┌────────

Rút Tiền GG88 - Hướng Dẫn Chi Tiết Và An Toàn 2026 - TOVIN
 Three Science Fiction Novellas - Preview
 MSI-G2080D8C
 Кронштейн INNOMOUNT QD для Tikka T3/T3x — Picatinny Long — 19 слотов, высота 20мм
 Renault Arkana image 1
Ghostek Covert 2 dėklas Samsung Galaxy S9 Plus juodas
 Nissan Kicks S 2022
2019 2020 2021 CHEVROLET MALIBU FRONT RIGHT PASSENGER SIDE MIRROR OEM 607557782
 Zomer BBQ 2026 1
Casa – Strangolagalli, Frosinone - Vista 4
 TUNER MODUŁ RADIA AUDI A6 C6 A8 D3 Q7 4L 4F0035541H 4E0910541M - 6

└────────

The task ▸ Without omission, return all of the records exactly as given.

Response for this exercise ▸
Rút Tiền GG88 - Hướng Dẫn Chi Tiết Và An Toàn 2026 - TOVIN
 Three Science Fiction Novellas - Preview
 MSI-G2080D8C
 Кронштейн INNOMOUNT QD для Tikka T3/T3x — Picatinny Long — 19 слотов, высота 20мм
 Renault Arkana image 1
Ghostek Covert 2 dėklas Samsung Galaxy S9 Plus juodas
 Nissan Kicks S 2022
2019 2020 2021 CHEVROLET MALIBU FRONT RIGHT PASSENGER SIDE MIRROR OEM 607557782
 Zomer BBQ 2026 1
Casa – Strangolagalli, Frosinone - Vista 4
 TUNER MODUŁ RADIA AUDI A6 C6 A8 D3 Q7 4L 4F0035541H 4E0910541M - 6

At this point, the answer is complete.